The Story of a Shipwrecked Sailor (original Spanish-language title: Relato de un náufrago) is a work of non-fiction by Colombian writer Gabriel García Márquez. The full title is The Story of a Shipwrecked Sailor: Who Drifted on a Liferaft for Ten Days Without Food or Water, Was Proclaimed a National Hero, Kissed by Beauty Queens, Made Rich Through Publicity, and Then Spurned by the Government and Forgotten for All Time (Relato de un náufrago que estuvo diez días a la deriva en una balsa sin comer ni beber, que fue proclamado héroe de la patria, besado por las reinas de la belleza y hecho rico por la publicidad, y luego aborrecido por el gobierno y olvidado para siempre).

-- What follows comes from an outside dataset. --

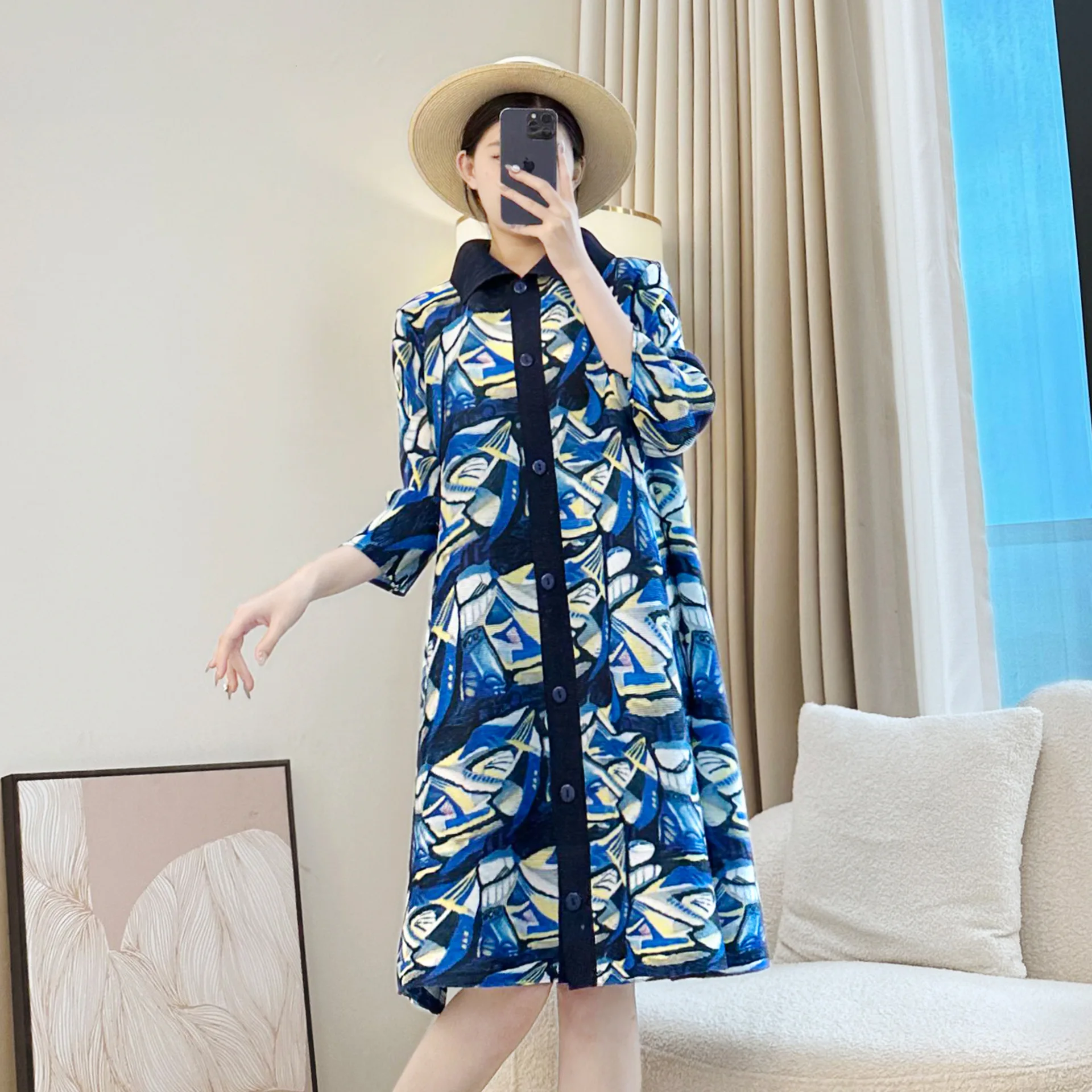 

Miyake Printing Pleated Dress for Women Contrast Color Lapel Single Breasted Long Sleeves Dresses Female 2025 Summer New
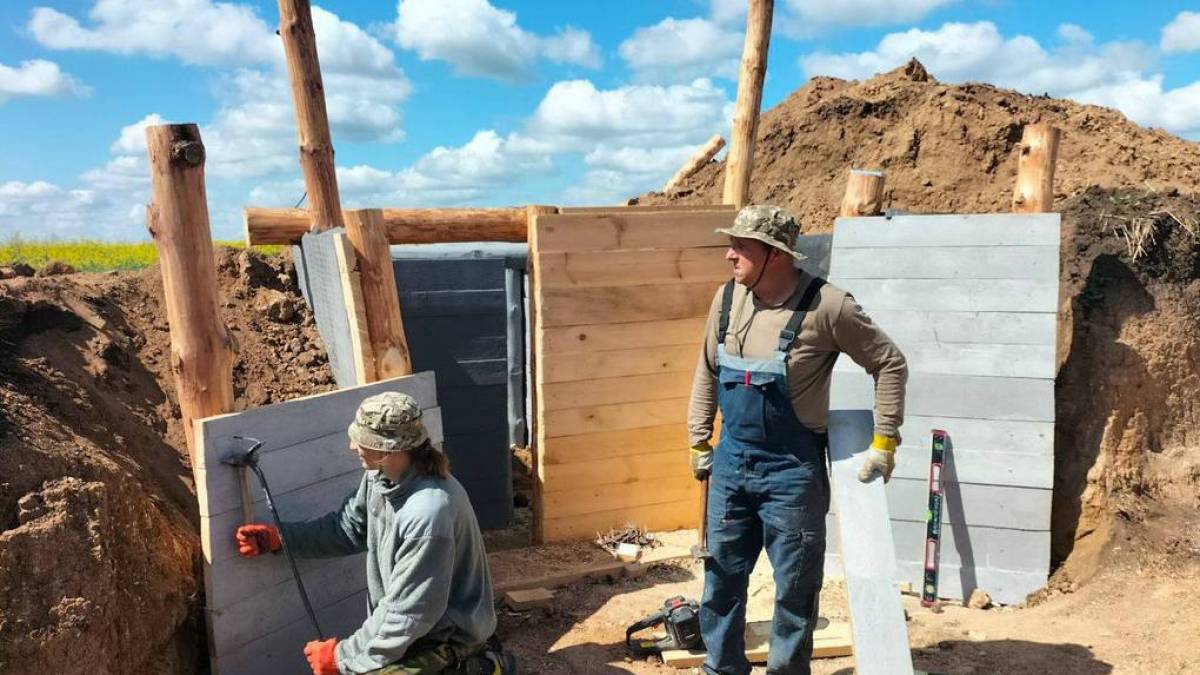 У Запорізькій області продовжується будівництво лінії оборони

It was originally published as a fourteen consecutive day series of installments in El Espectador newspaper in 1955; it was later published as a book in 1970, and then translated into English by Randolph Hogan in 1986. The story is written in the first-person from the perspective of the sailor, 20-year-old Luis Alejandro Velasco, and was in fact signed by Velasco as author when it was first published in 1955. Not until 1970 when it was published as a book was García Márquez's name first publicly associated with the story.

Nobel Prize in Literature laureate Gabriel García Márquez began his literary career as a newspaper writer. In 1955, he wrote a series of newspaper stories about a shipwrecked sailor who nearly died on account of negligence by the Colombian Navy; several of his colleagues drowned shortly before arriving at the port of Cartagena de Indias due to the existence of overweight contraband aboard the vessel. This resulted in public controversy, as it discredited the official account of the events, which had blamed a non-existent storm for the shipwreck and glorified the surviving sailor. As García Márquez subsequently became a sort of persona non grata for the government of General Gustavo Rojas Pinilla, he then worked for several years as a foreign correspondent.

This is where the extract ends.